--- PROVIDED ENTRIES Enclosed Below ---

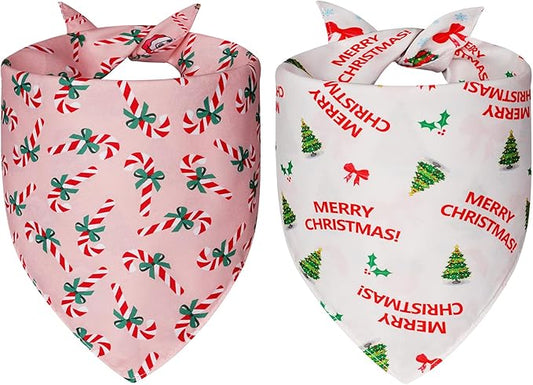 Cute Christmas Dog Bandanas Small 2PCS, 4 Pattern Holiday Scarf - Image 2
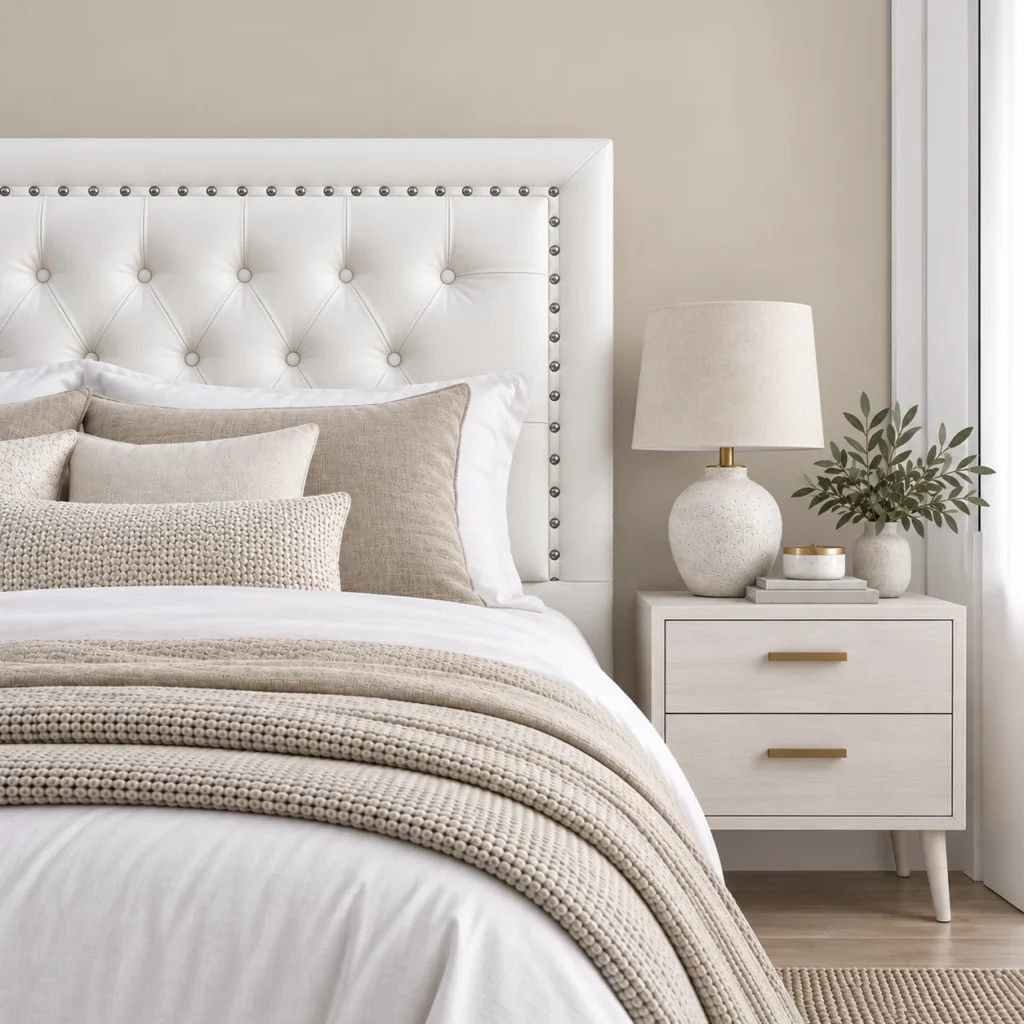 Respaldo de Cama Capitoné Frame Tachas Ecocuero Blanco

--- End of Enclosed PROVIDED ENTRIES ---
--- PROVIDED ENTRIES Enclosed Below ---

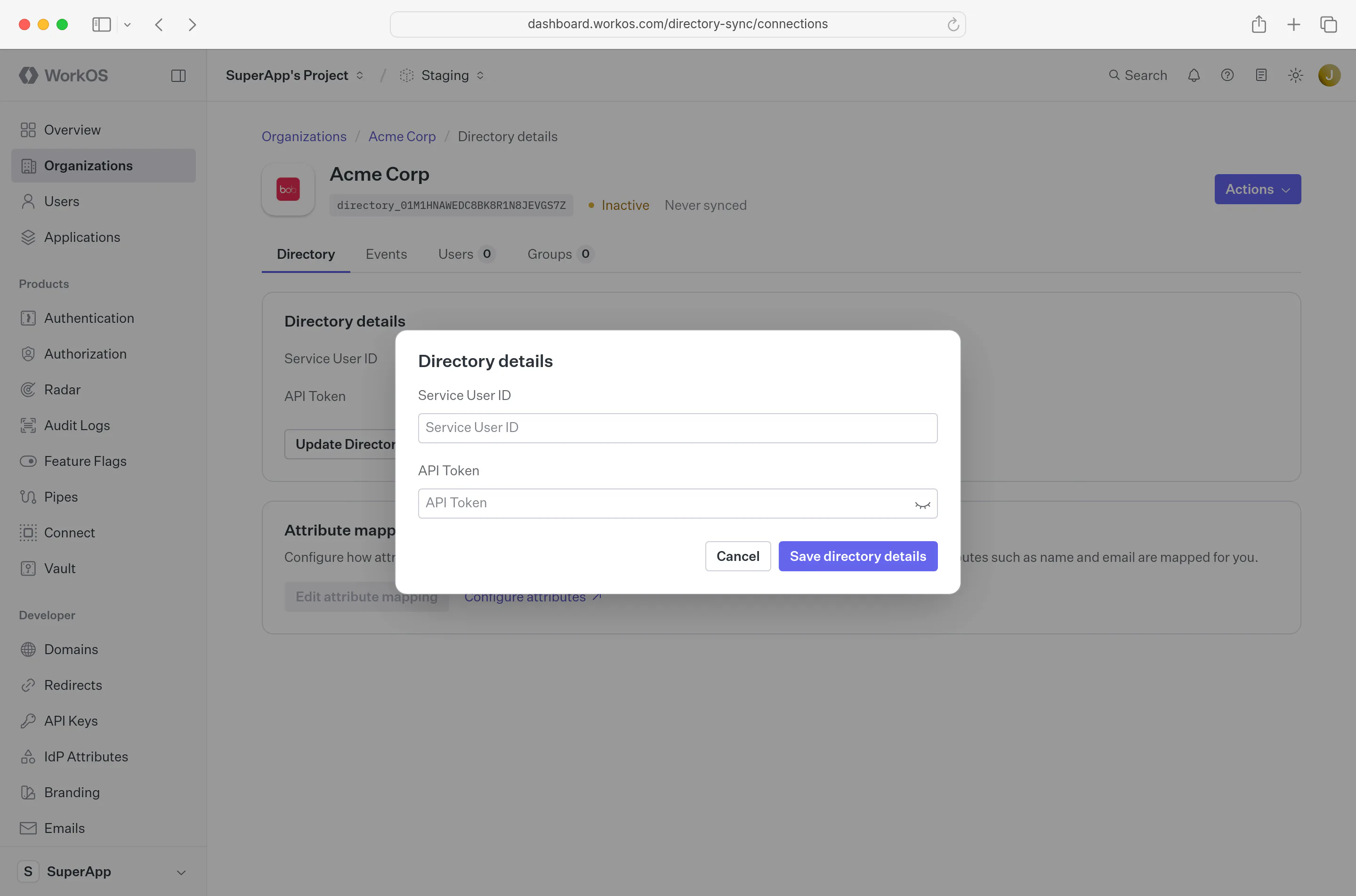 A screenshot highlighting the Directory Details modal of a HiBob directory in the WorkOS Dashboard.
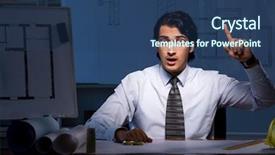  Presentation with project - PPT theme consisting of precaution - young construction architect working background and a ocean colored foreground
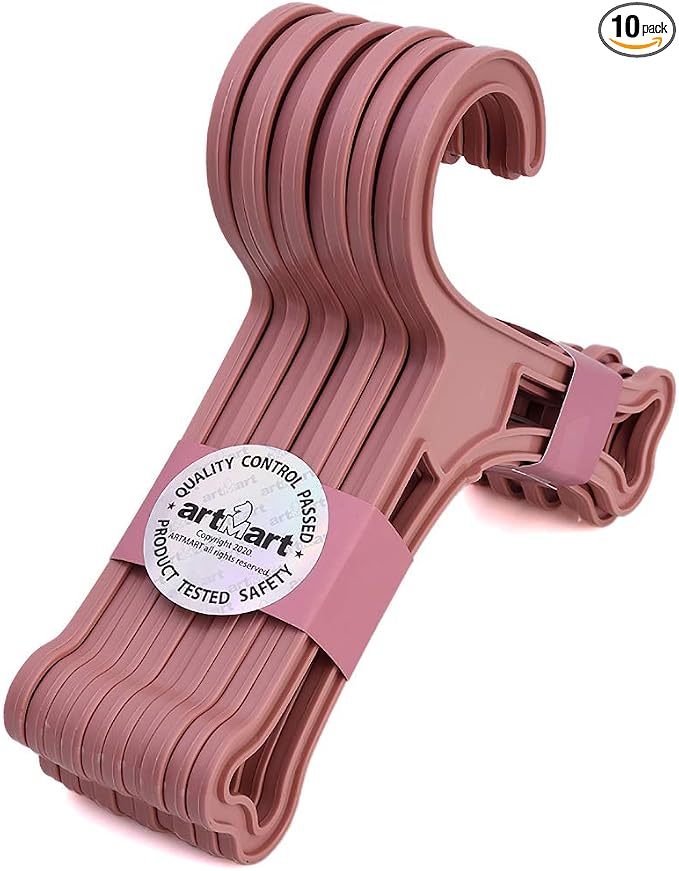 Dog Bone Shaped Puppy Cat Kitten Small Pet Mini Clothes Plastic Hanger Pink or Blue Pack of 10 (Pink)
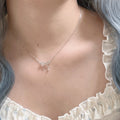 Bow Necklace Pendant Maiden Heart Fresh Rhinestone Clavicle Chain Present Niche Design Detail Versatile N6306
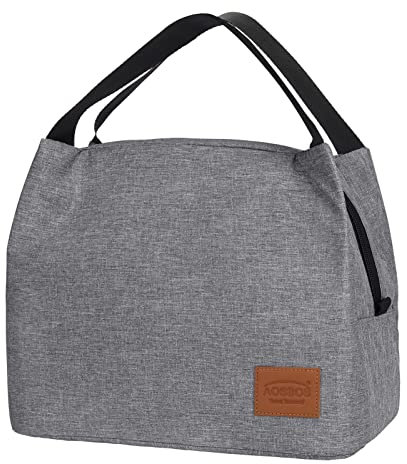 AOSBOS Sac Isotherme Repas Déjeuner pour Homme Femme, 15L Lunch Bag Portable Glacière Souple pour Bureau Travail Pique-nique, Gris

--- End of Enclosed PROVIDED ENTRIES ---
--- PROVIDED ENTRIES Enclosed Below ---

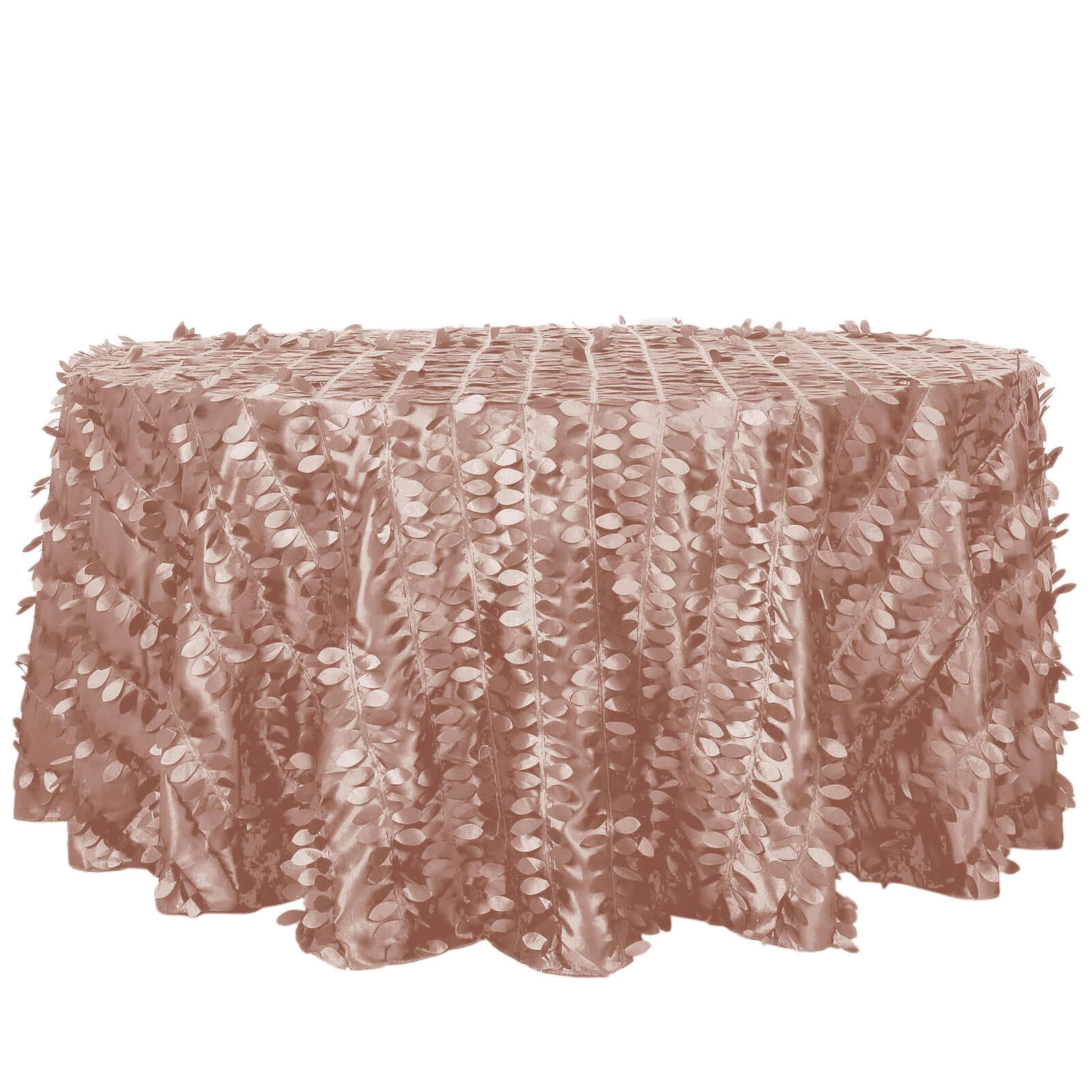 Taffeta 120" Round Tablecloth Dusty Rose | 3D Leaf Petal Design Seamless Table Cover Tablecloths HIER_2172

--- End of Enclosed PROVIDED ENTRIES ---

§ DIRECTIONS FOR THIS TASK
Among the entries above, locate the line with "Cute Christmas Dog" and the line with "Respaldo de Cama". Give those two lines and all lines between them again, exactly, leaving out the pictures.

§ TASK OUTPUT
 Cute Christmas Dog Bandanas Small 2PCS, 4 Pattern Holiday Scarf - Image 2
 Respaldo de Cama Capitoné Frame Tachas Ecocuero Blanco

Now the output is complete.